_Exercise goal_: After locating "Picture 04 - 路" in the listing below, copy that line and each one after it exactly, ending with the line that has "Portable Fruit and".

_Dataset content_:
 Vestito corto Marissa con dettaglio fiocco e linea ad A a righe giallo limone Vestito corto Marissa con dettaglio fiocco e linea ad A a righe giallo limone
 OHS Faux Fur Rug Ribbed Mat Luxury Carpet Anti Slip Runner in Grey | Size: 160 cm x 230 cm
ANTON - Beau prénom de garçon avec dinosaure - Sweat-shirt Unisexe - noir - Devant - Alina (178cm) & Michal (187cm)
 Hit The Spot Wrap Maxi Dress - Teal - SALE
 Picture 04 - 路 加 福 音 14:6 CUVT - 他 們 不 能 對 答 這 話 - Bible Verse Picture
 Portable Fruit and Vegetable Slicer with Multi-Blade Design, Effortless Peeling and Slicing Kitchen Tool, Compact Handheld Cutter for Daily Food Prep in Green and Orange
* * *
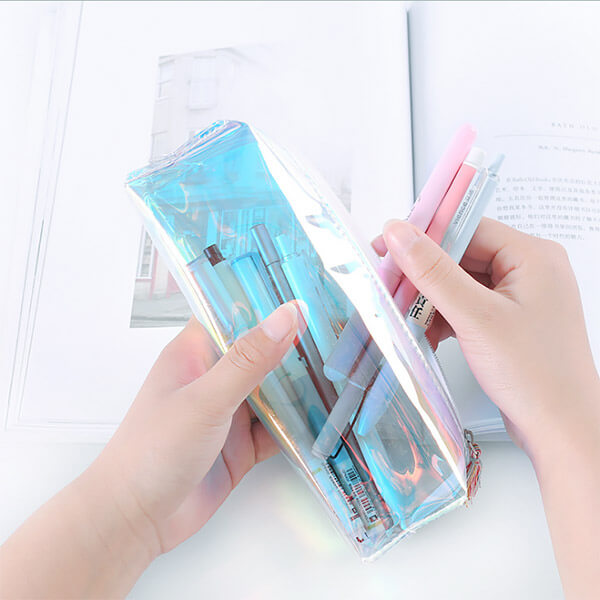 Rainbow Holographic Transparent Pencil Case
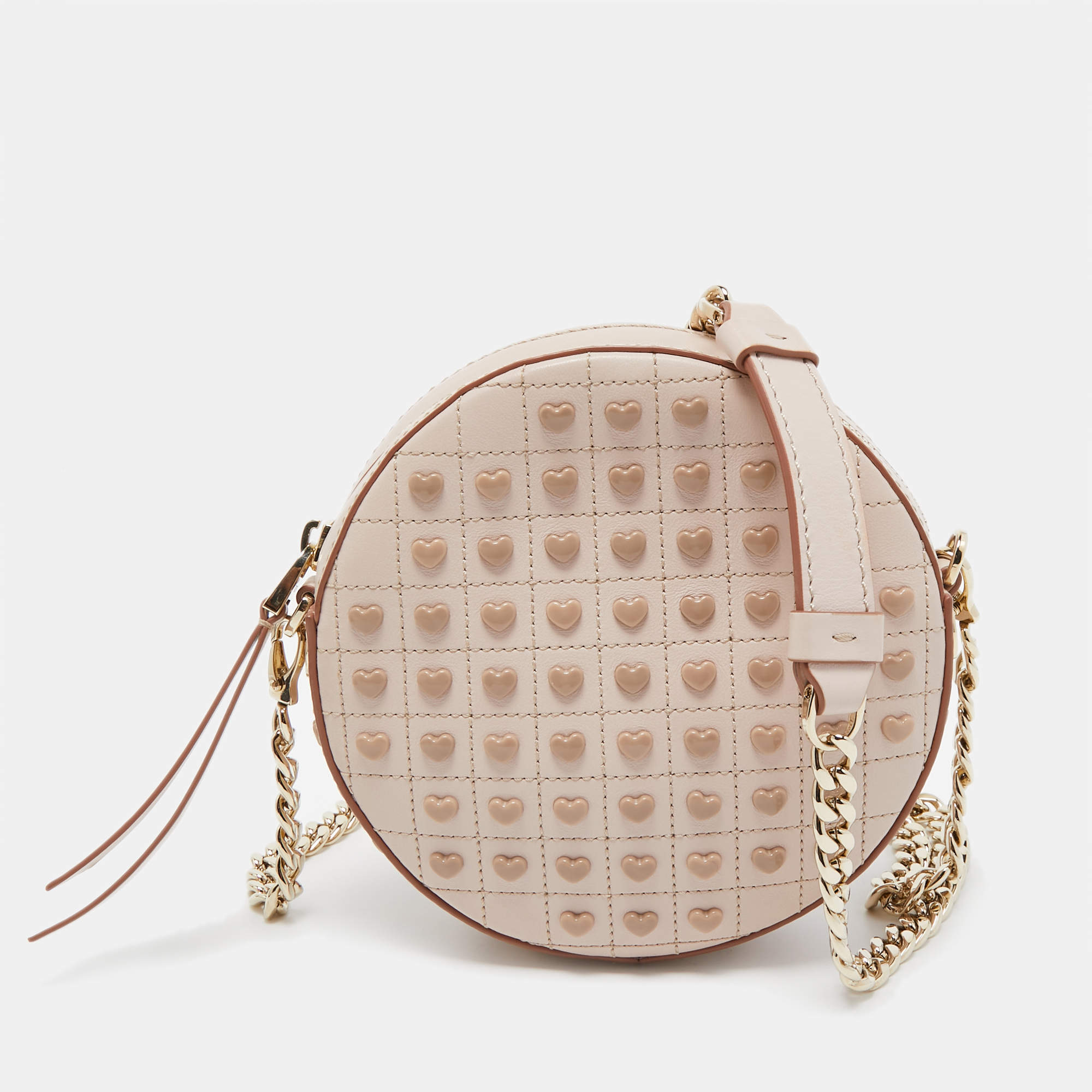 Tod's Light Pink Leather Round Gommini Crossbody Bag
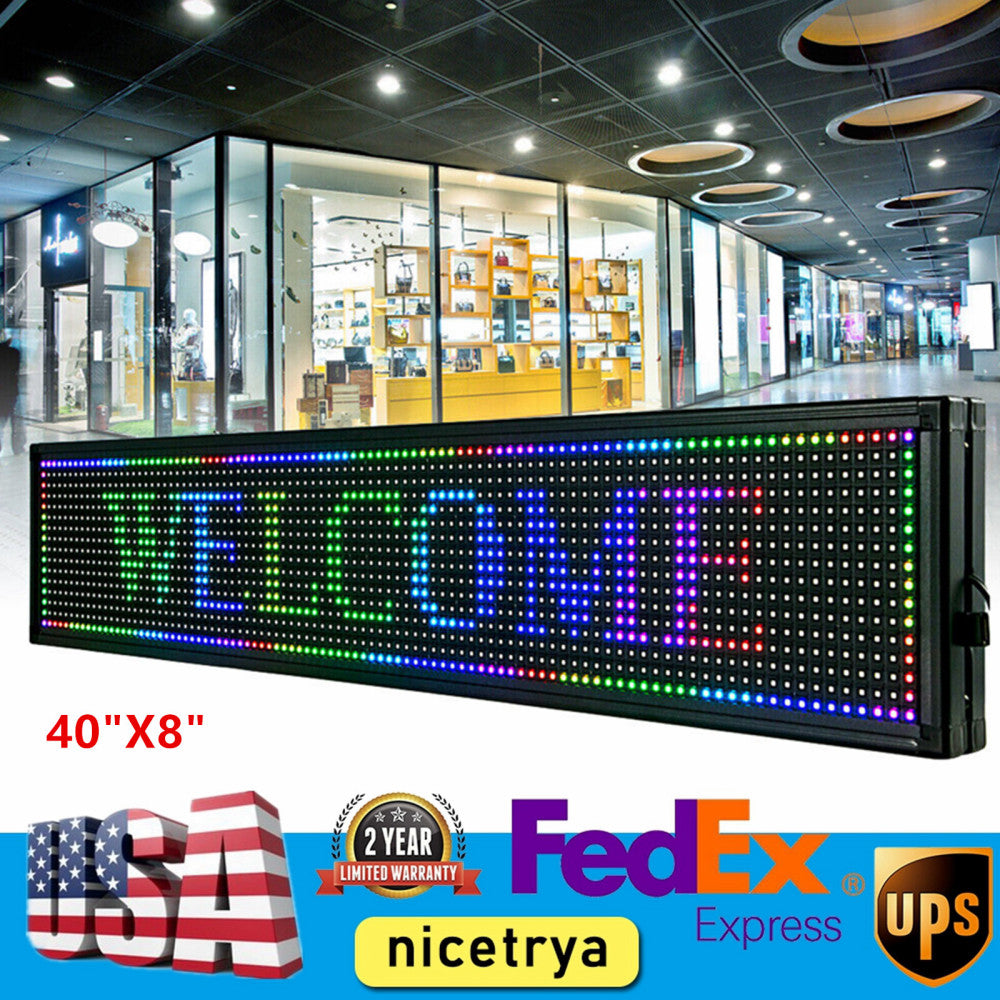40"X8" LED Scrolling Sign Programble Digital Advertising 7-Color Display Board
--
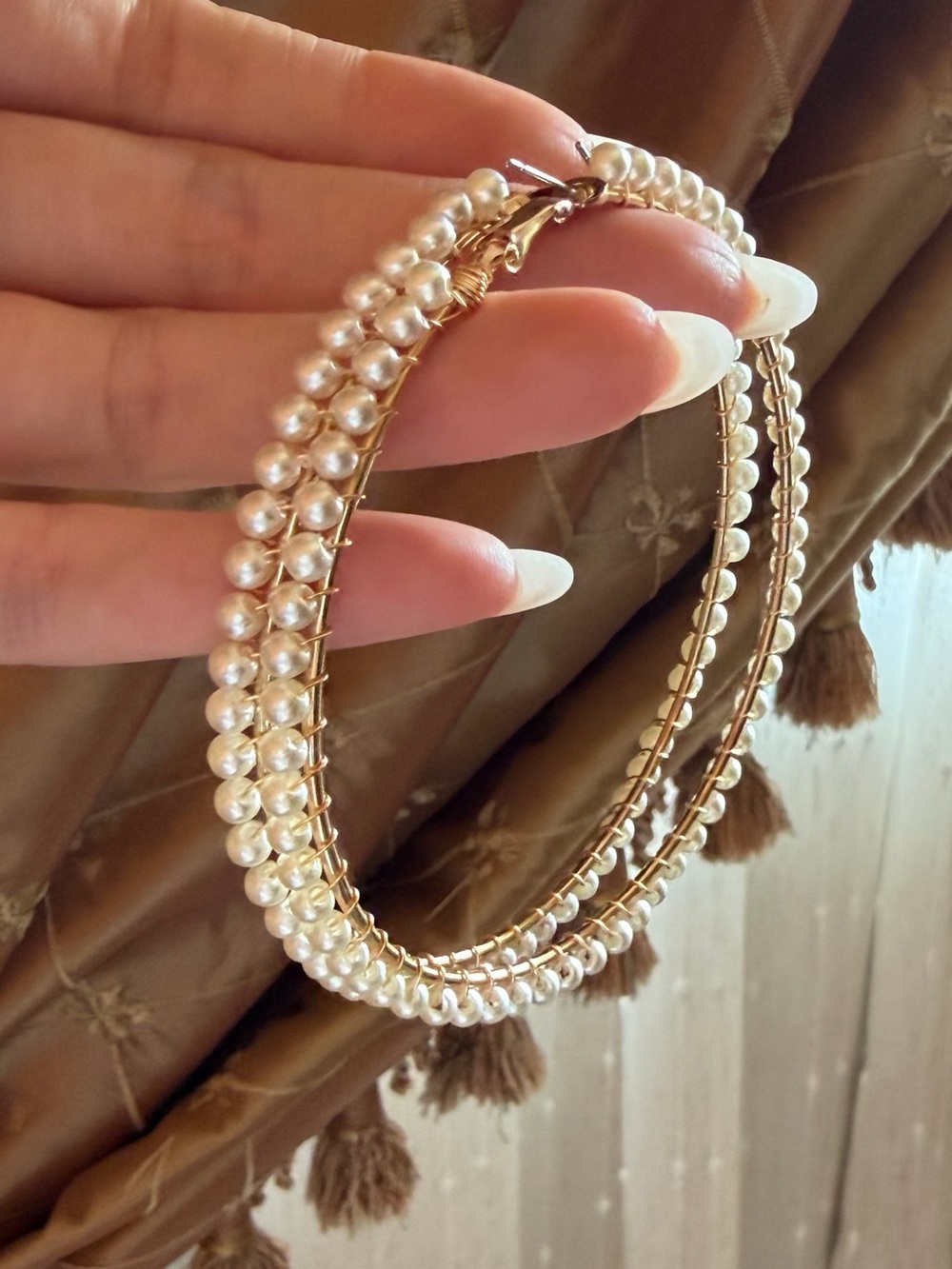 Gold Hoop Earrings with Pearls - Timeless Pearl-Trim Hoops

_Response below_:
 Picture 04 - 路 加 福 音 14:6 CUVT - 他 們 不 能 對 答 這 話 - Bible Verse Picture
 Portable Fruit and Vegetable Slicer with Multi-Blade Design, Effortless Peeling and Slicing Kitchen Tool, Compact Handheld Cutter for Daily Food Prep in Green and Orange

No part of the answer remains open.